EXERCISE:
Output every entry below exactly, without its pictures.

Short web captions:
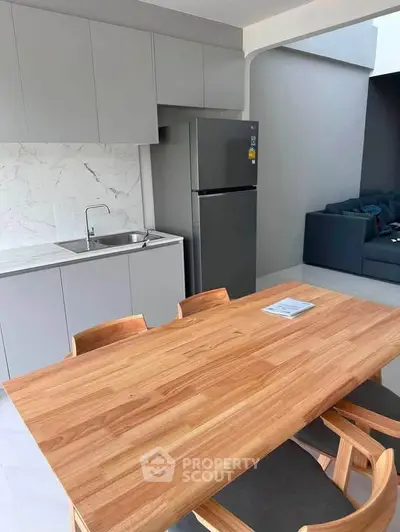 Modern kitchen with sleek cabinetry and dining area featuring wooden table and chairs.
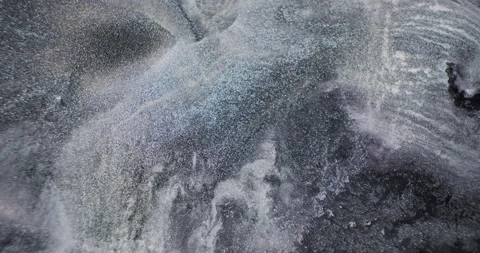 Silver black fluid liquid background close-up. Natural silver particles sparkle Stock Footage 196702900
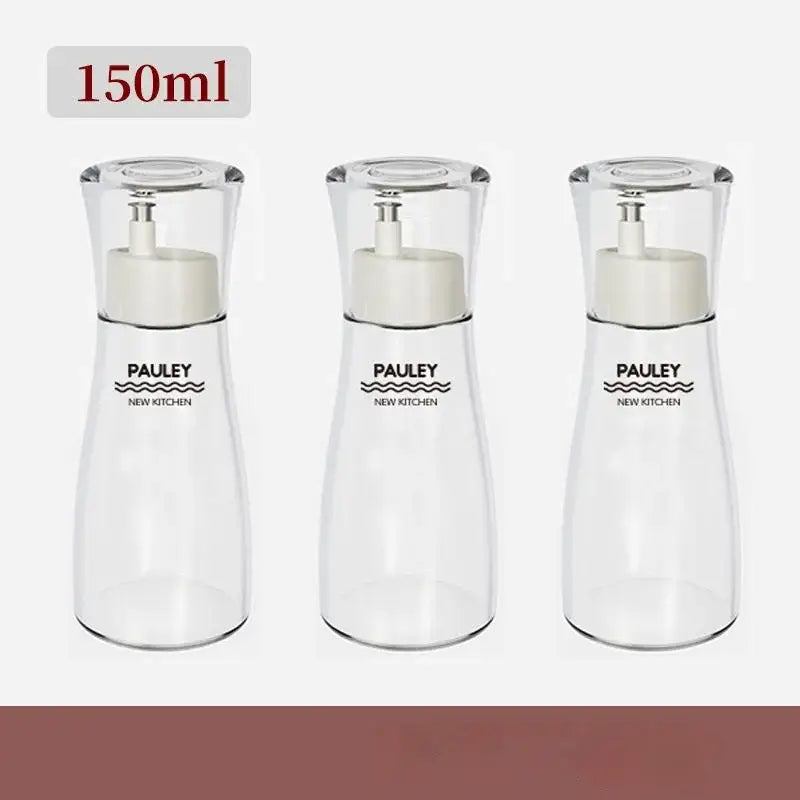 Three transparent glass seasoning bottles with white pump tops in a modern 150ml glass seasoning bottle set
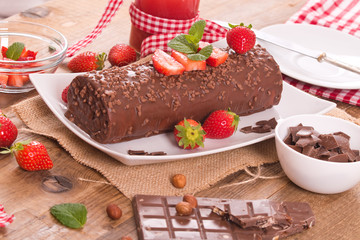 Chocolate roll with hazelnuts and strawberries. 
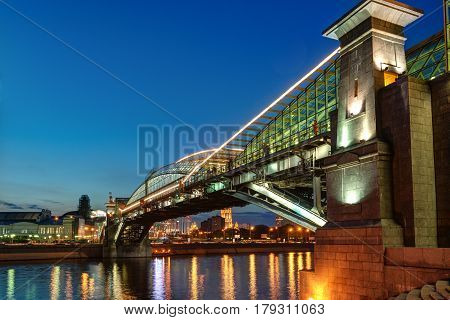 MOSCOW - AUGUST 20, 2013: Bogdan Khmelnitsky bridge at night. It is a beautiful pedestrian bridge across the Moscow River near Kievsky railway station.
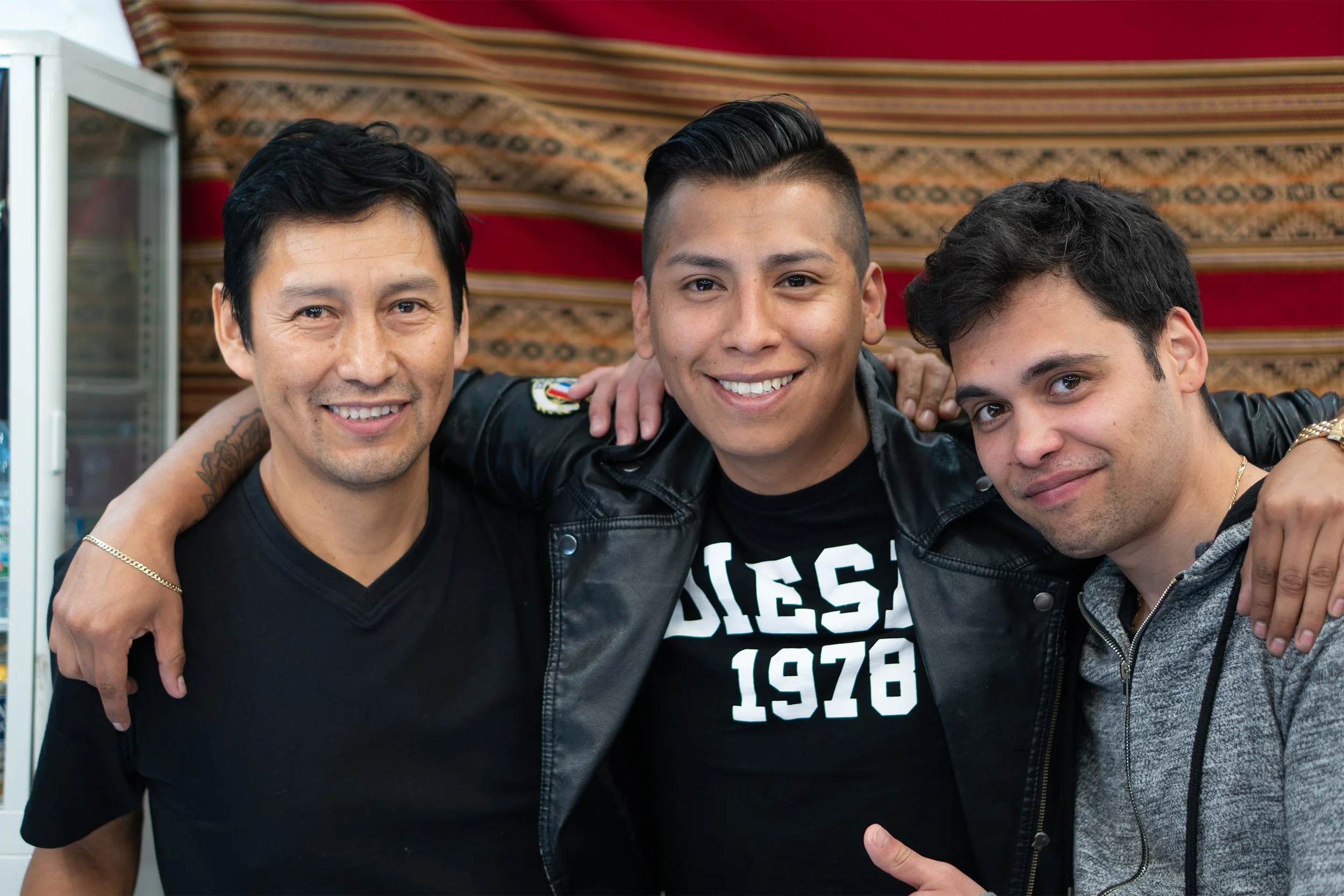 Three men smiling with arms around each other, wearing black shirts and jackets, standing in front of a decorated background.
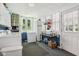 Bright laundry room with abundant light and ample appliance and pantry storage at 409 N Sycamore St, Martinsville, IN 46151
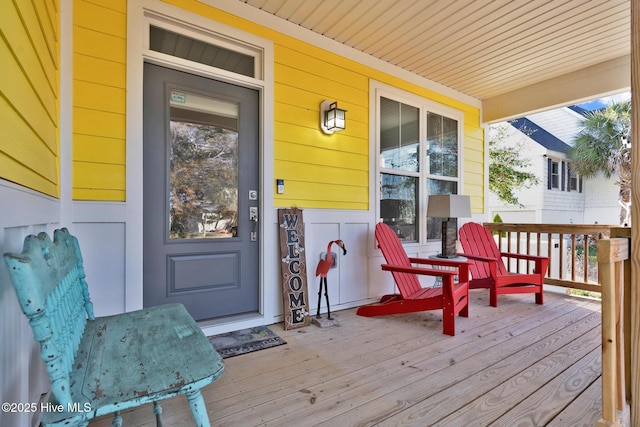 doorway to property with a porch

ANSWER TO THIS TASK:
 Modern kitchen with sleek cabinetry and dining area featuring wooden table and chairs.
 Silver black fluid liquid background close-up. Natural silver particles sparkle Stock Footage 196702900
 Three transparent glass seasoning bottles with white pump tops in a modern 150ml glass seasoning bottle set
 Chocolate roll with hazelnuts and strawberries. 
 MOSCOW - AUGUST 20, 2013: Bogdan Khmelnitsky bridge at night. It is a beautiful pedestrian bridge across the Moscow River near Kievsky railway station.
 Three men smiling with arms around each other, wearing black shirts and jackets, standing in front of a decorated background.
 Bright laundry room with abundant light and ample appliance and pantry storage at 409 N Sycamore St, Martinsville, IN 46151
 doorway to property with a porch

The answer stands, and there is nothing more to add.